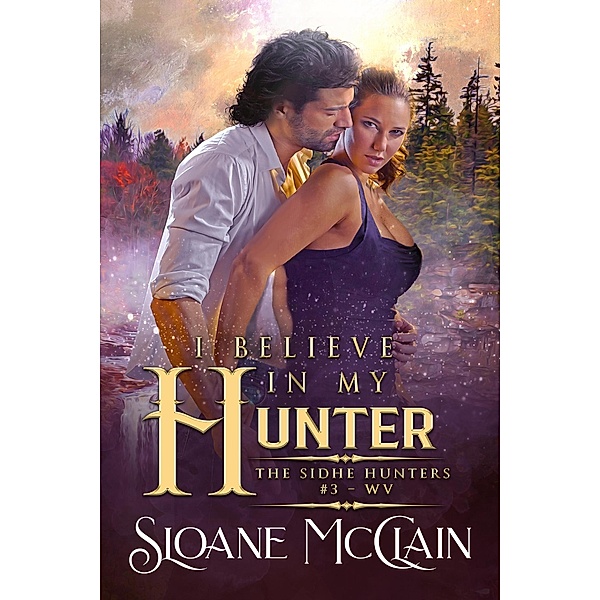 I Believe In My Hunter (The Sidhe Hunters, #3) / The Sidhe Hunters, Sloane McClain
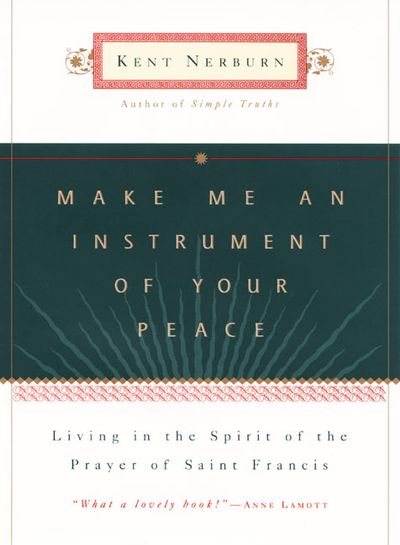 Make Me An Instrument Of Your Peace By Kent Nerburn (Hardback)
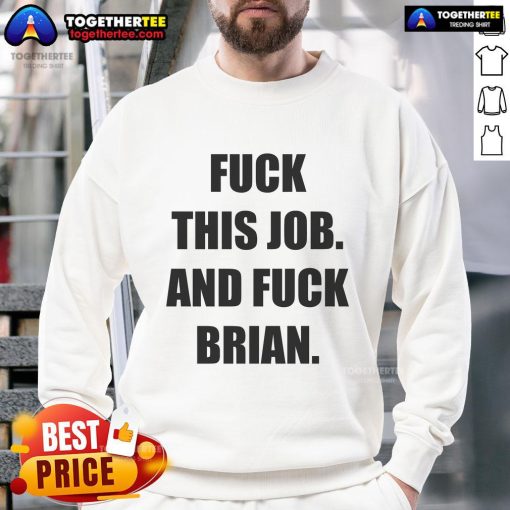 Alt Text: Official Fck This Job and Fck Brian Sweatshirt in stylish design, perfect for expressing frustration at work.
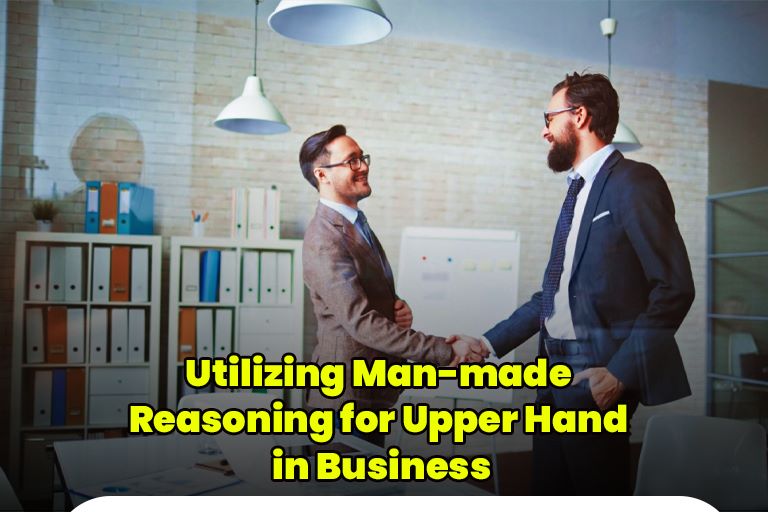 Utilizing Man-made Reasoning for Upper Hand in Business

---

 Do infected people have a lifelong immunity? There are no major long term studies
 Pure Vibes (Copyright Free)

* What this task involves:
Everything above from the line with "I Believe In" through the line with "Utilizing Man-made Reasoning" should be retyped exactly, and nothing else; omit pictures.

* Problem solution:
 I Believe In My Hunter (The Sidhe Hunters, #3) / The Sidhe Hunters, Sloane McClain
 Make Me An Instrument Of Your Peace By Kent Nerburn (Hardback)
 Alt Text: Official Fck This Job and Fck Brian Sweatshirt in stylish design, perfect for expressing frustration at work.
 Utilizing Man-made Reasoning for Upper Hand in Business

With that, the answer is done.